International Justice Day 2023 marks the 25th birthday of the Rome Statute, the founding treaty of the International Criminal Court (ICC): very late in the evening of July 17th, 1998, a high-level diplomatic conference, organised by the United Nations in the Italian capital, ended with rapturous applause and emotional hugs.
It was a dream come true: with the adopted treaty text, the foundations were laid for a permanent international tribunal to try the main culprits of the worst crimes that shock the conscience of humanity: genocide, war crimes, crimes against humanity, aggression against other countries of the family of human kind.
The Rome Statute entered into force on July 1st, 2002, after the necessary 60 ratifications had come in at UN HQ in NY. On January 26th, 2009, the first ICC trial started, in the case of The Prosecutor v. Thomas Lubanga Dyilo. Lubanga, from the Democratic Republic of Congo, was charged and later convicted for war crimes against the most vulnerable: enlisting children and “using” them as child soldiers.
Striking and shocking “detail”: there were no Congolese journalists present at the opening of the trial, and throughout the trial. As the old saying goes: Justice must not only be done, but also seen to be done. A well-functioning justice system does not only need professional judges, and prosecution, and defence teams; journalists are vital to give publicity to the proceedings, to inform the public, and to check that the suspect gets a fair trial.

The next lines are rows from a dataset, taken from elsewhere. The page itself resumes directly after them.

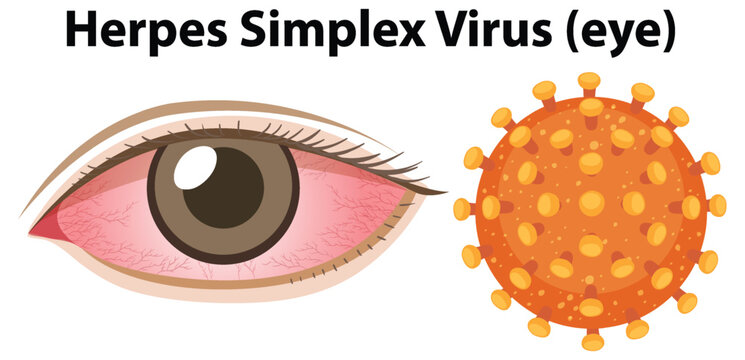 Herpes simplex virus (Eye)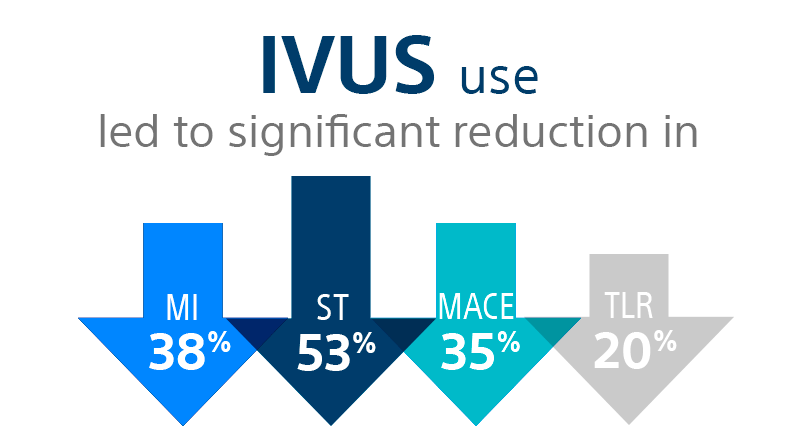 IVUS reduction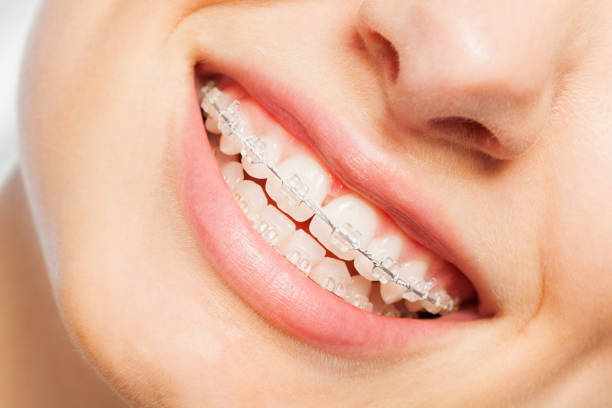 Beyond a Better Smile: How Orthodontic Treatment Can Improve Oral Health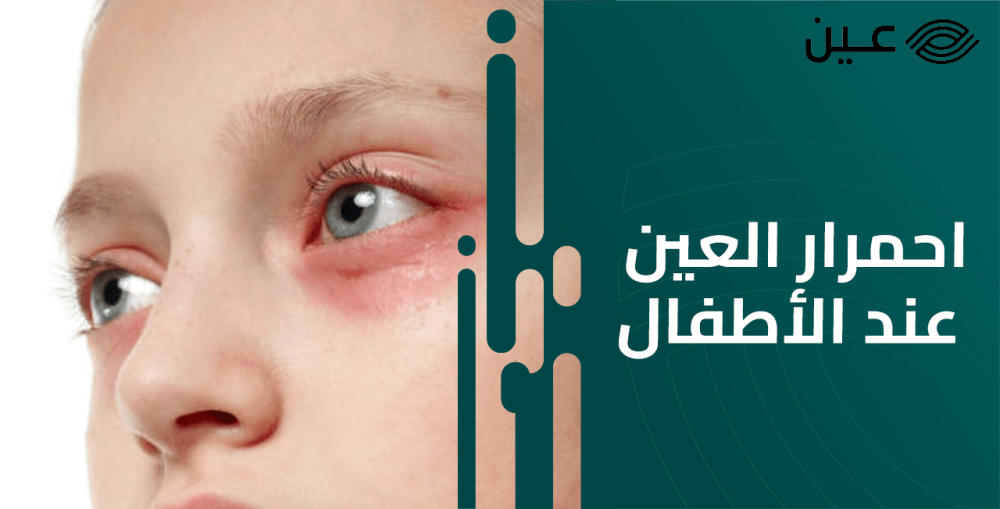 أسباب احمرار العين عند الأطفال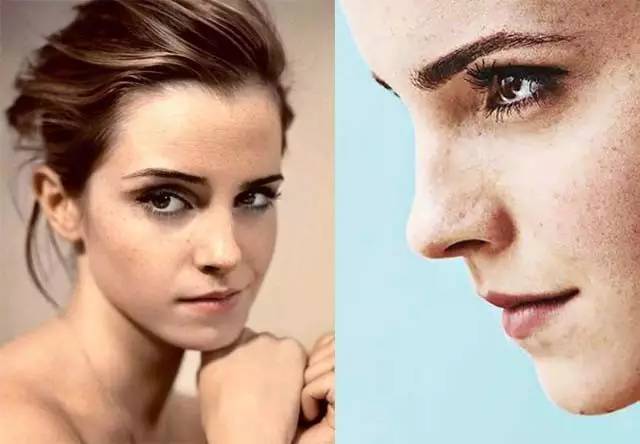 面部常见四类斑点如何正确祛斑,斑点在脸上该怎么去除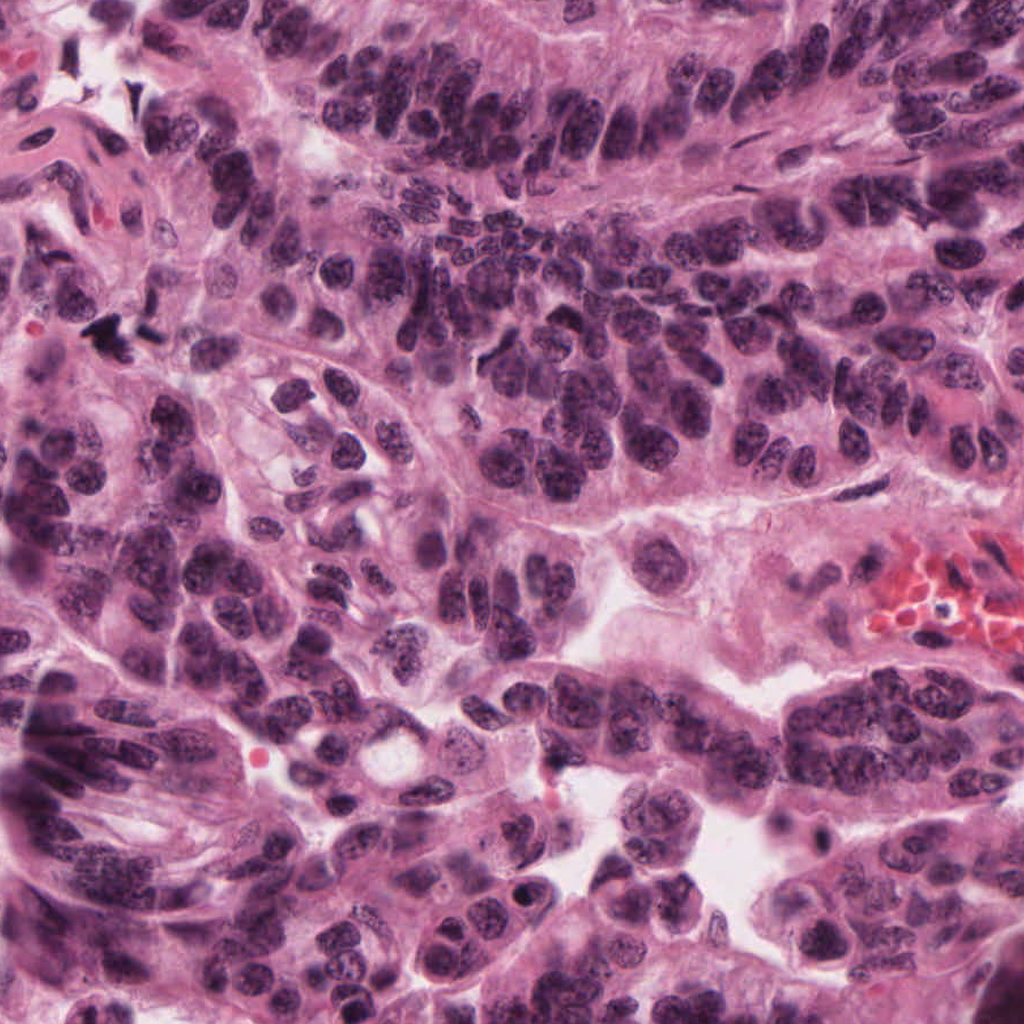 200× raw pathology field
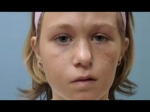 Parry Romberg Syndrome Market Set to Grow at a CAGR of 5% Owing to Advancements in Gene Therapy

At the moment, trials are ongoing at the ICC about the Central African Republic (CAR), Sudan; there are ongoing proceedings about other African countries. But there are no journalists from those “situation countries” based here The Hague to cover the proceedings. This is mainly because most of them cannot afford to live in this expensive city. Promises were made by the diplomatic community two decades ago to assist press coverage as one way to facilitate the functioning of the new international court and augment its efficacy have not materialised.

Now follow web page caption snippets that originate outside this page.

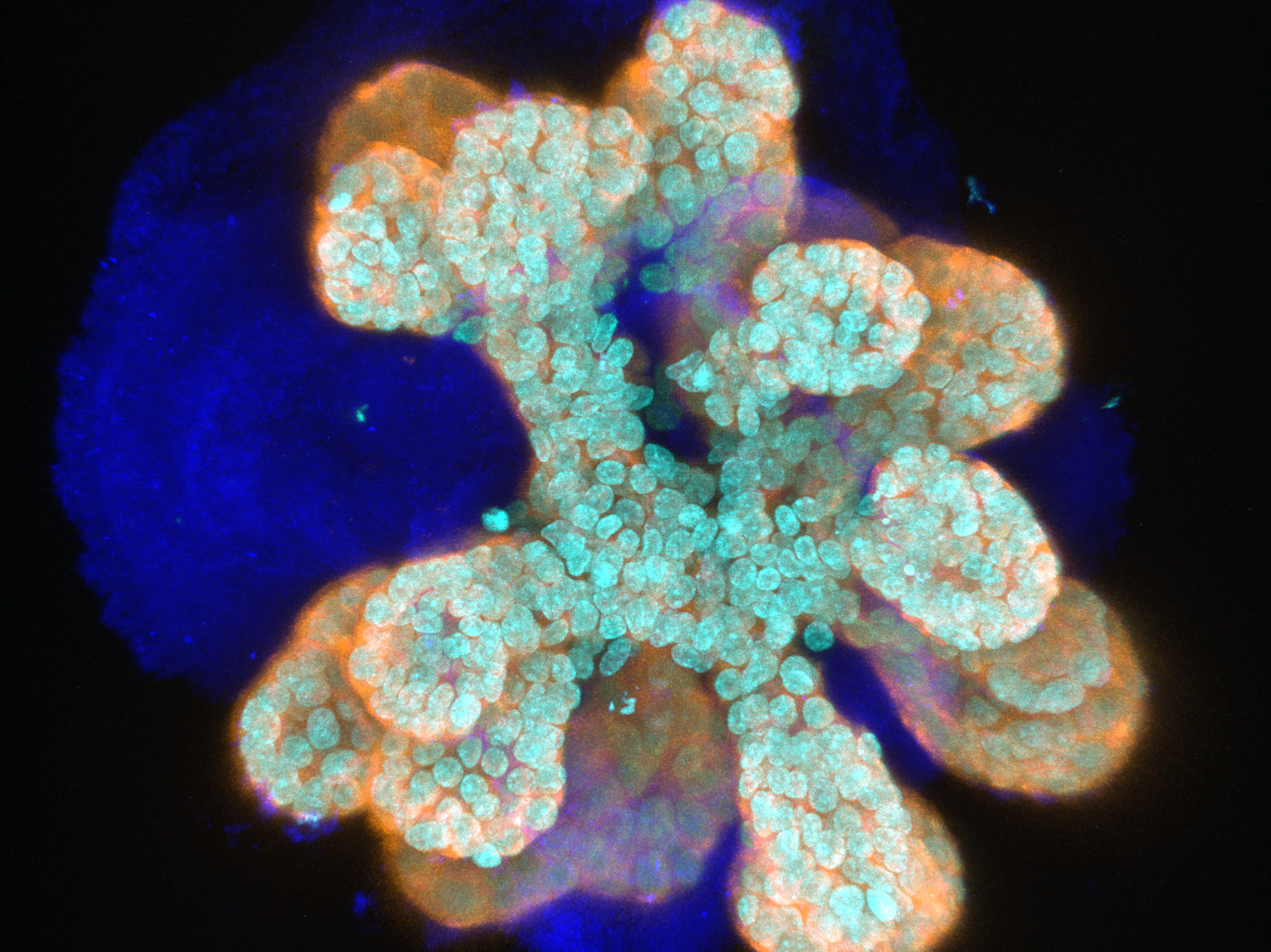 Mammary organoid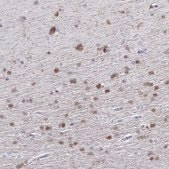 Anti-QDPR antibody produced in rabbit Prestige Antibodies&#174; Powered by Atlas Antibodies, affinity isolated antibody, buffered aqueous glycerol solution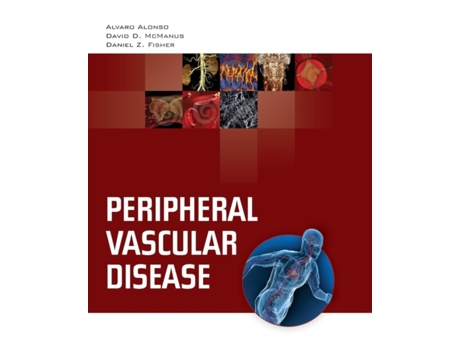 Livro Peripheral Vascular Disease Alvaro Alonso, Daniel D. McManus et al. (Inglês)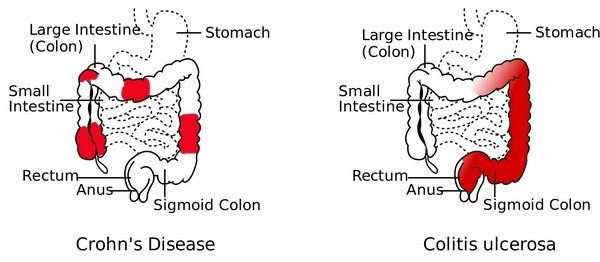 Ulcerozni kolitis i ishrana - kako se hraniti kod Ulceroznog kolitisa
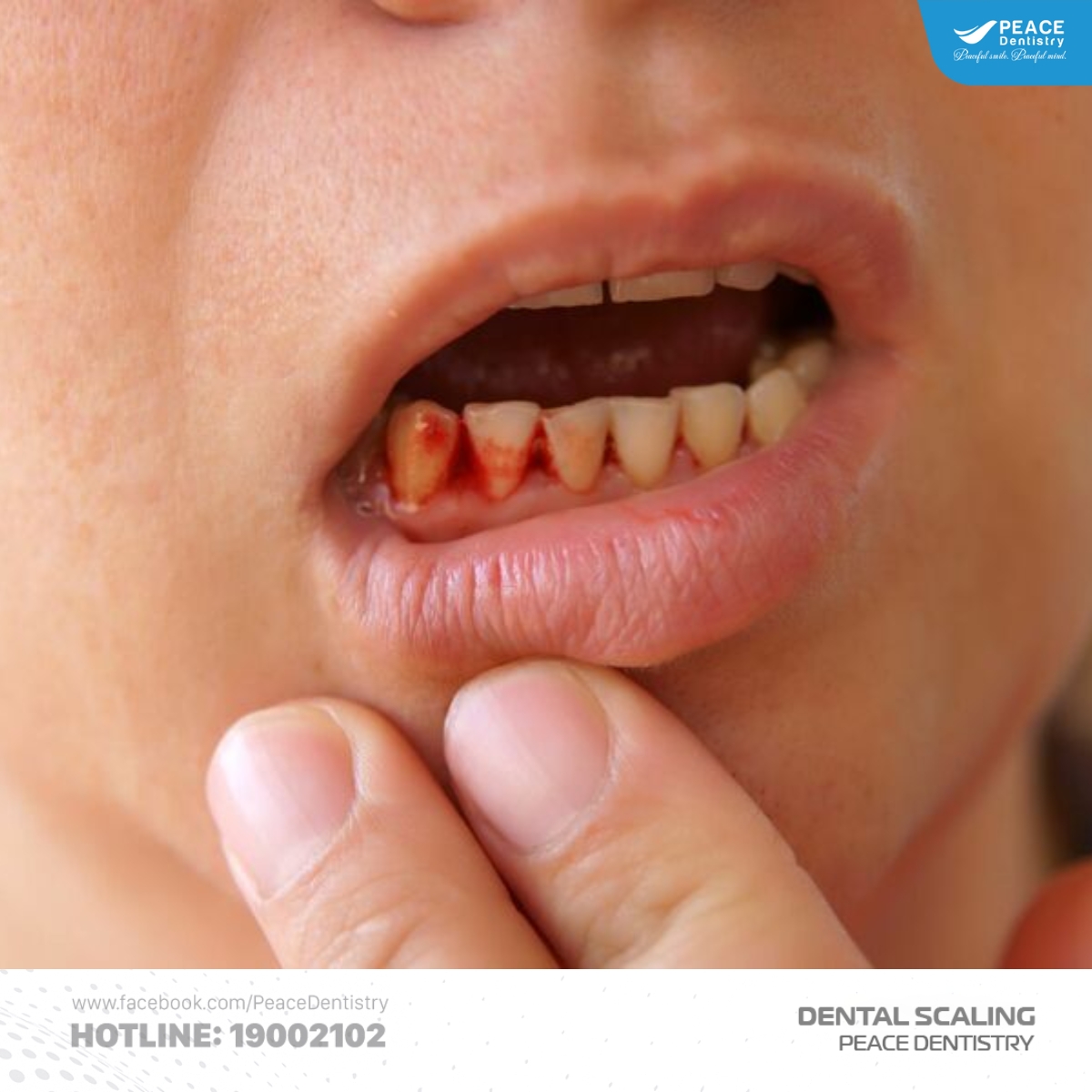 lấy vôi răng sai cách làm tổn thương mô mềm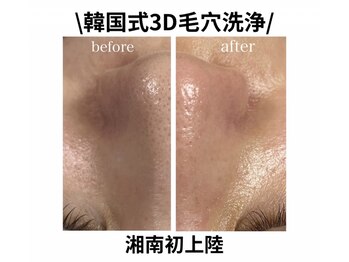 ネイルサロン きらら 藤沢本店の写真/【韓国式3D毛穴洗浄】もう“いちご鼻”で悩まない！黒ずみ・ざらつき・毛穴汚れをごっそり除去◎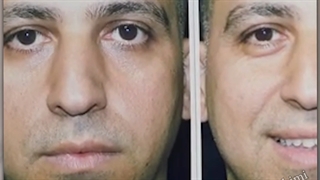بلافاصله پس از عمل بینی استخوانی همراه با کجی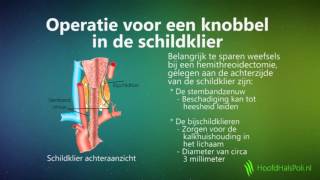 Knobbel in de schildklier [upl. by Ailat]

Media coverage and publishing about the proceedings of domestic courts are generally considered important for various reasons. Journalists can ensure that a suspect gets a fair trial and, if convicted, that this was based on evidence beyond reasonable doubt. During the Stalin dictatorship in the Soviet Union, for example, several “dissidents” were convicted in secret trials and sent to labour camps in Siberia. Journalists were not present to verify the prosecution’s evidence.
Media reportage also serves other purposes. When reports about a criminal trial, for example of a robbery, are published in a newspaper, and especially if a conviction is secured, readers who might have been considering earning money easily and quickly the same way are likely to have second thoughts about such a venture. So the crime is more likely not to be repeated. Victims testifying in f.ex. a rape trial will have the satisfaction of seeing the perpetrator publicly exposed in the news media.

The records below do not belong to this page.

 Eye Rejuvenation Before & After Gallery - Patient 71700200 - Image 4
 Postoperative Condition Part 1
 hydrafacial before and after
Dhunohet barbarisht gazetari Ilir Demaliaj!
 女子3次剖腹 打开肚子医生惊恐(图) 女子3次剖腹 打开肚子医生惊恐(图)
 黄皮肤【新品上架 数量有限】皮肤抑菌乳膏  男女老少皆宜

The stakes are even higher at international courts which deal with high-level leaders, including former and sitting heads of state such as Yugoslavia’s Slobodan Milošević and Uhuru Kenyatta of Kenya. Charges in international courts are not about the murder of a single individual, bad as that may be, but about mass atrocities. And the charges go beyond the alleged criminal act itself; they are about crimes committed in the much larger framework of conflicts between states and nations or among ethnic communities within a country. Identifying the main culprits and prosecuting them involves satisfaction for the victims and deterrence at a much higher level and on a larger scale than domestic trials. Trials of such high-level leaders are also about reconciliation between large communities and the writing of history.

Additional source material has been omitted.